As inventor-CEO John Burba puts it: "Our tech has such a high specificity for lithium that it can directly take the lithium out."

And Burba knows what he's talking about: IBAT's new technology is actually based on a tech that he co-invented and sold to FMC in the 1990s. Now he's made major advancements, and the new method is set to come on-line just in time for lithium demand to skyrocket.

The lithium game isn't about exploration, it's about innovation—and IBAT's proprietary technology was invented by the same game-changing inventor that came up with a similar tech for FMC Corp. (NYSE: FMC), one of the world's four top lithium producers.

#3 Sociedad Quimica y Minera S.A. (NYSE:SQM)

This Chilean giant has five business segments—one of which is lithium, and it's expanding production.

SQM's lithium segment is an emerging market pick, but so far its performance has been stellar.

This company has access to vast reserves, right in the heart of the South American 'Lithium Triangle', which spans Chile, Bolivia and Argentina.

It's one of the biggest lithium producers in the world—and it knows that lithium is the future.

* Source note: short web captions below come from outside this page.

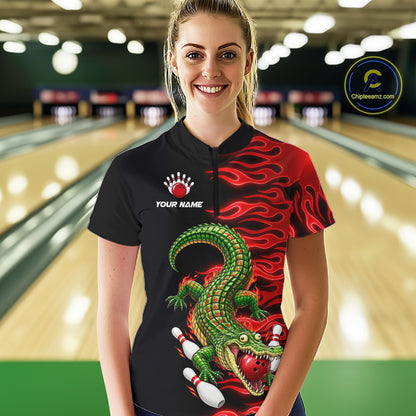 Custom Funny Alligator Fire Flame Bowling Shirt For Women Personalized Red Flame Bowling Team Jersey NYN4551
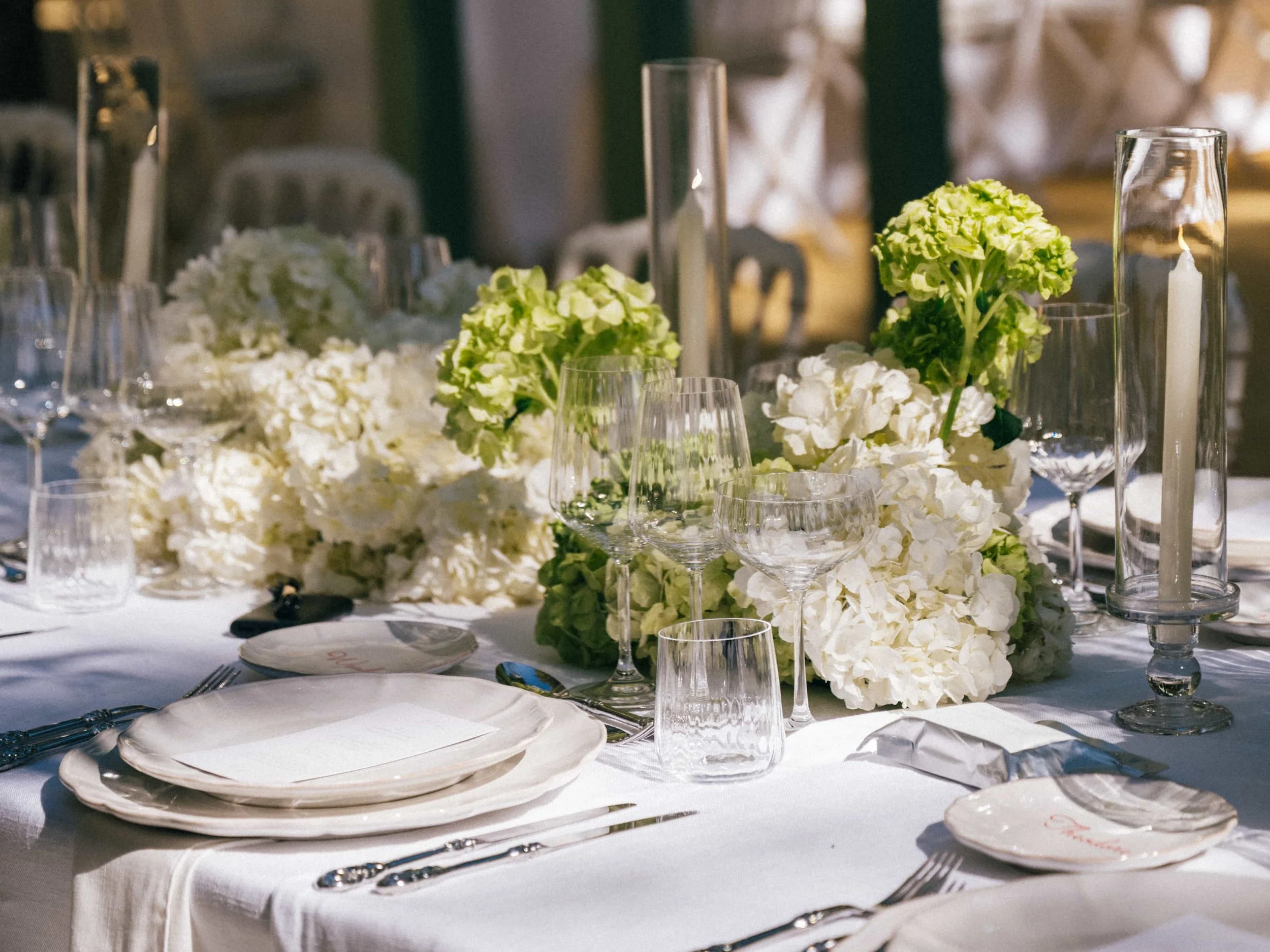 green and white hydrangeas setup 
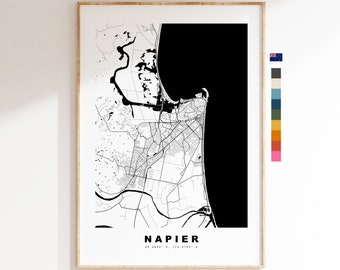 Napier impression de carte - Carte de la ville minimaliste - Map Wall Art - Impressions ou impressions encadrées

SQM is ramping up its JV project with Lithium Americas in Argentina. Now it's planning to increase its Chilean lithium capacity to 63,000 tonnes per year—up from 48,000 tonnes per year currently.

Rumors that the miner was being taken over by a Chinese firm were squashed recently, with news that Chile is moving to block the sale. SQM's price along with that of Albermarle took a hit in February, as analysts started worrying about a short-term lithium oversupply.

But make no mistake: this company is dominant in the lithium field, and will continue its success as lithium demand increases.

#4 FMC Corp. (NYSE: FMC)

The primary driver for FMC has been agricultural products, but the company is also a major lithium producer, one of the top-four big miners out there. It's lithium segment was its fastest-growing segment in 2017.

FMC was a big winner from the 2016-2017 lithium boom, as it watched its share price increase 155%.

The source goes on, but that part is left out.